Organizations leveraging traditional software testing tools often fail to scale to the needs of today’s digital demands. That’s the top-level finding of a new report published by EMA Research and Applitools, which examined the impact of AI and automated software testing on large enterprises. Respondents cited escalating quality control costs and release velocities as the top factors hindering engineering and DevOps efforts, as well as the increasing number of target devices, operating systems, and app programming languages.
“Business’ ability to accelerate the delivery of customer value through software innovation, at lower cost, has become critical for achieving competitive advantages,” Enterprise Management Associates managing research director Torsten Volk said in a statement.
The report shows that there’s been nearly a 100% uptick in the number of test automation-related questions posted to Stack Overflow, a popular Q&A website for programmers, over the past year. The accelerated adoption of apps that reside on cloud services — up 225% since 2015 — is further compounding the complexity of software delivery, according to EMA Research and Applitools.

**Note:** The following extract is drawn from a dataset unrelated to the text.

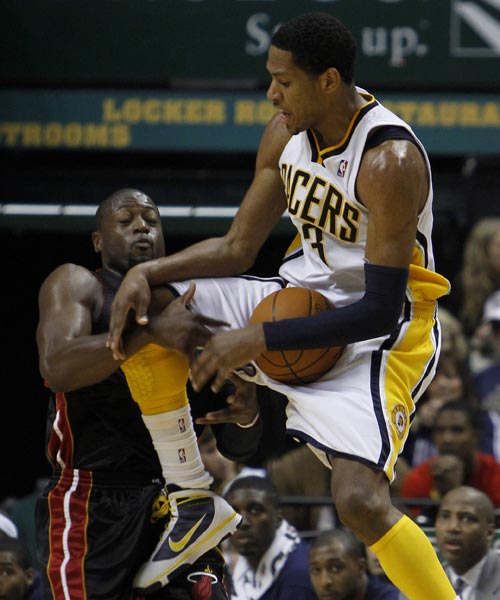 攻防两端更 攻防两端更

The results of a recent Gatepoint Research survey similarly suggest that software delivery problems are becoming common in the enterprise. A whopping 77% of the respondents said that they experience setbacks in releasing new software, with 34% admitting that fixing bugs takes anywhere from days to months
The growing number of monthly code releases, multiplied by the set of daily tasks engineers have to complete, is resulting in an “exponential” increase in required testing, EMA Research and Applitools found. Gatepoint identified other software deployment challenges, including developing and testing software in an environment that’s different from the production environment, an over-reliance on manual processes, and complex app dependencies and workflows.
The EMA Research and Applitools paper outlines five areas where AI and machine learning could solve major blockers in software delivery: test creation, self-healing, visual inspection, coverage detection, and anomaly detection. Taken together, these technologies have the potential to streamline and automate parts of the software testing workflow while enhancing productivity, according to Volk.

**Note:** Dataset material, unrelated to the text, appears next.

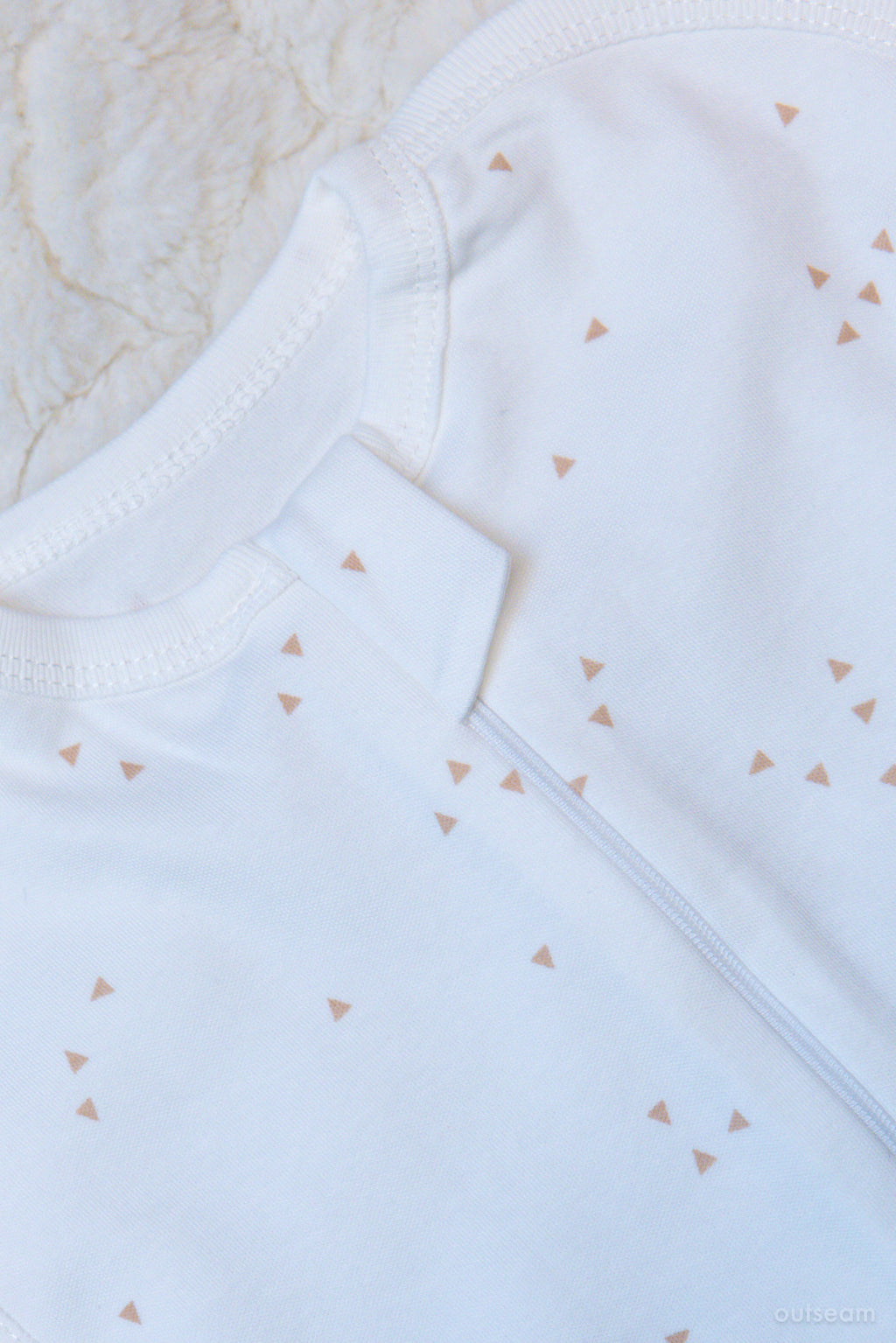 Outseam Newborn Sleep Cocoon Geometry — detail view 3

Test creation automates the discovery of new and changed test requirements by analyzing changes in apps and documentation. Self-healing fixes broken test workflows while visual inspection trains models to audit apps through the eyes of end-users. Meanwhile, coverage detection and anomaly detection identify the different paths that end-users can take through apps and report gaps in code coverage or anomalous behavior.

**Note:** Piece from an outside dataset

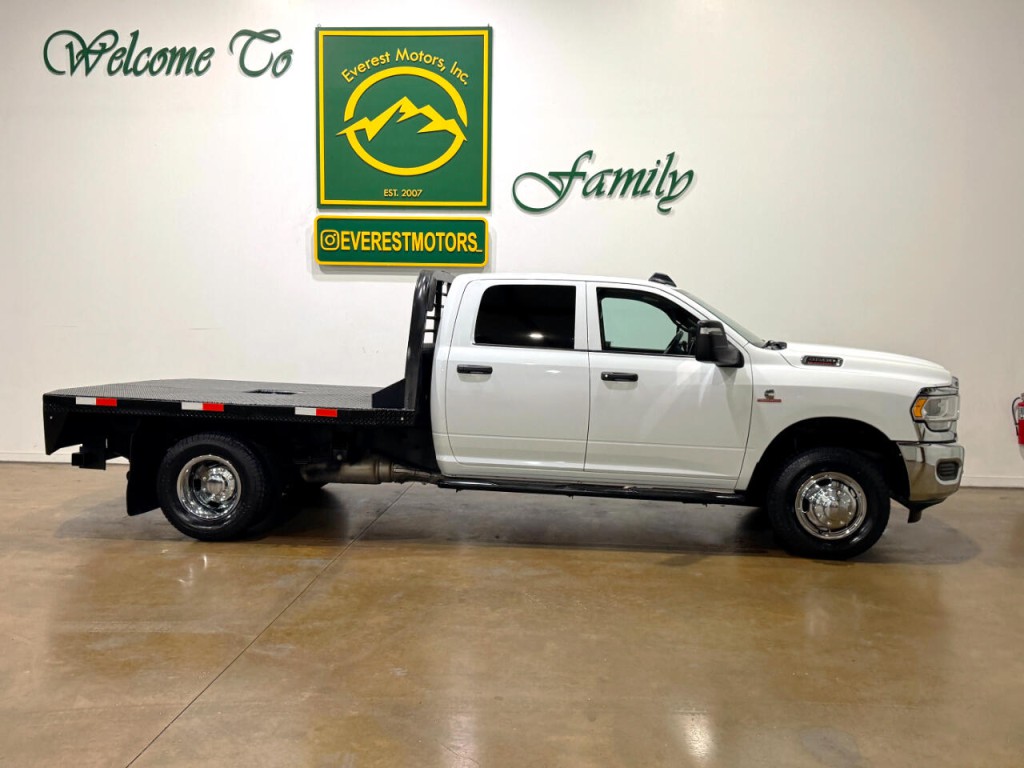 2023 RAM 3500 Image 8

According to one report, the majority of companies see a return on their test automation investment immediately or within the first six months. Only a small percentage — 9% — report never getting a return on investment.
“AI-based test automation technologies can deliver real return on investment today and come with the potential of addressing, and ultimately eliminating, today’s critical automation bottlenecks that stifle modern software delivery,” Volk said.